Record extracts -
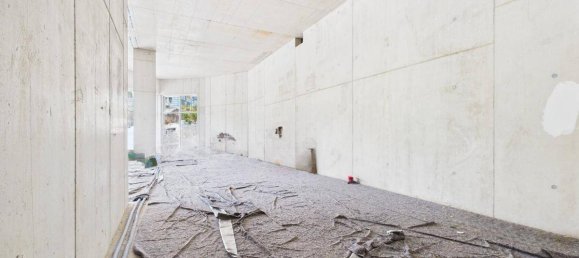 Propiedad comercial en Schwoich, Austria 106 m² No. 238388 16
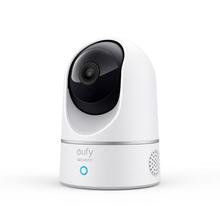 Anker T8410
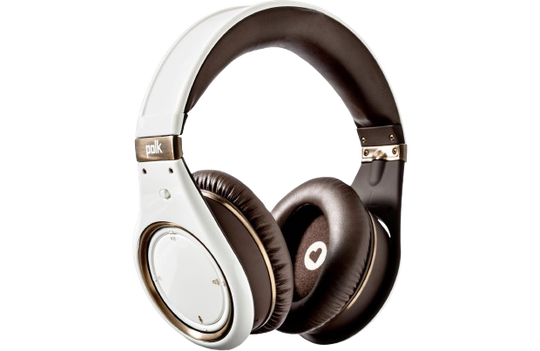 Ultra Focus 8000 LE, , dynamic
...
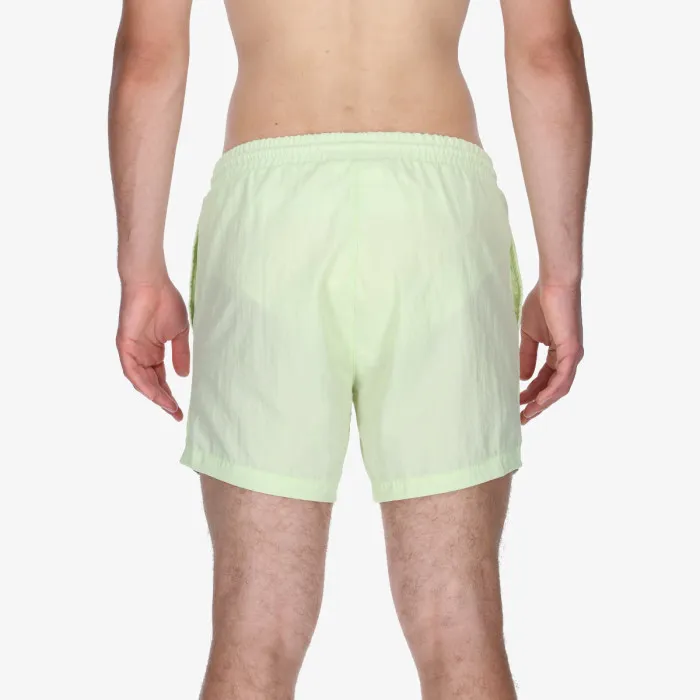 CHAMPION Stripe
==
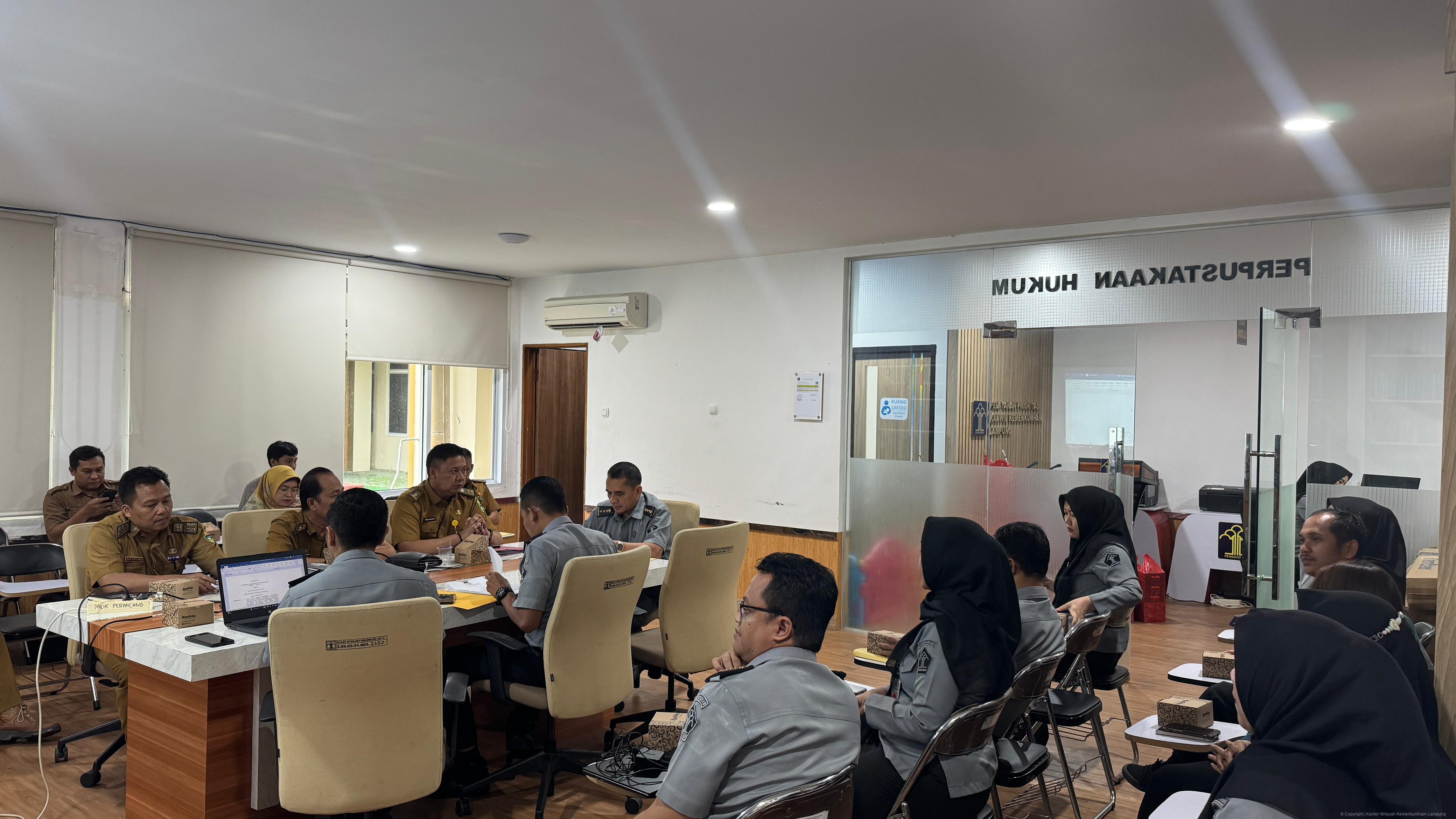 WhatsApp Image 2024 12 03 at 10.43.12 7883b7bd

Exercise objective - Give exactly the lines above that run from the line with "Propiedad comercial en" to the line with "Ultra Focus 8000 LE, , dynamic", both included, leaving every picture out.

Result -
 Propiedad comercial en Schwoich, Austria 106 m² No. 238388 16
 Anker T8410
 Ultra Focus 8000 LE, , dynamic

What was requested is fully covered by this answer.